Io sono cristiano e non mi vergogno a dirlo. Io sono cristiano e non ho paura di portare il crocifisso indosso e qui a Casa Mia. Ma perchè mi chiedo come Cristiano e come Leghista mi devono far passare come un razzista? È razzista secondo voi chi chiede solamente agli Islamici che vengono nei nostri Paesi di avere rispetto per le nostre tradizioni e per la nostra religione senza comunque obbligarli a diventare Cristiani? È razzista chi chiede la vera Integrazione cercando di spiegargli che non è creando scuole o posti di ritrovo solo per Islamici che si entra a far parte della vita di un Paese democratico che li ospita?

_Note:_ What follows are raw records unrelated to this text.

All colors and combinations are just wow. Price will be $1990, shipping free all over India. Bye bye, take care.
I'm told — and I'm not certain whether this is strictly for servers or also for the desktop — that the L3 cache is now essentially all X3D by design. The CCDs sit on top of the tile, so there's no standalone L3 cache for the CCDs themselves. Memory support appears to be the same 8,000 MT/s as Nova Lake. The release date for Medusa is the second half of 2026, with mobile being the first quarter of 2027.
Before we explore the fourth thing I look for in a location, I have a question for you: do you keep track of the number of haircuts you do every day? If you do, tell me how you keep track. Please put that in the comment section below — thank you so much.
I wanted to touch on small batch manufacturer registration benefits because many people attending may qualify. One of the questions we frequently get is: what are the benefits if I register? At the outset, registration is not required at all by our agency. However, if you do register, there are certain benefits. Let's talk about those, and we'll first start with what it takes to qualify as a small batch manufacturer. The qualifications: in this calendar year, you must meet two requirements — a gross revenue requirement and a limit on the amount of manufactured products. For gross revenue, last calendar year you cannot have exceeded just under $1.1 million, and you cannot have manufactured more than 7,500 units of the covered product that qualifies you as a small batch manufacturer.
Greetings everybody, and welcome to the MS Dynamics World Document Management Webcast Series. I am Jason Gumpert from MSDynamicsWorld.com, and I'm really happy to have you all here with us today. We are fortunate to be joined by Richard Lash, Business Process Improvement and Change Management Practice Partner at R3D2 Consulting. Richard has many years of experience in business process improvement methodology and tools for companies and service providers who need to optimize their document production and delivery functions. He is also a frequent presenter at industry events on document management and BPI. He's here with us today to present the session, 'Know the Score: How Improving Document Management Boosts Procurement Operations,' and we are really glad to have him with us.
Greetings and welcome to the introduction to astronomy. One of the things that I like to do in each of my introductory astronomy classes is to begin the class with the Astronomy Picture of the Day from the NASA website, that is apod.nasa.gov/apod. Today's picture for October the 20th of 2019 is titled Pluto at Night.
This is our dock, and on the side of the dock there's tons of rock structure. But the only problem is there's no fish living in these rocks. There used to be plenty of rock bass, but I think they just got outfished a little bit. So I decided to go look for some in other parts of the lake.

In riferimento ai recenti fatti vorrei finalmente lanciare a tutti un appello e un invito. Non dobbiamo avere paura e anzi dobbiamo spiegare a loro, che vengono qui da noi, i nostri valori e le nostre tradizioni e fare in modo che le rispettino e soprattutto bisogna aprire dialoghi con i giovani immigrati i quali non hanno del tutto avuto quel lavaggio di cervello che il loro fanatismo religioso gli fa nei loro Paesi.
Non lasciamoci quindi strumentalizzare e manipolare da chi, indistintamente da sinistra a destra, fa in modo che ciò avvenga. Vi invito a leggere il Corano come sto facendo io, da Infedele visto che in base alla legge Islamica è proibita la lettura a chi non è convertito a differenza della nostra Bibbia,e potrete capire molte cose essere sicuramente meno strumentalizzati. Io non mi sento razzista sono Cristiano e non ho paura.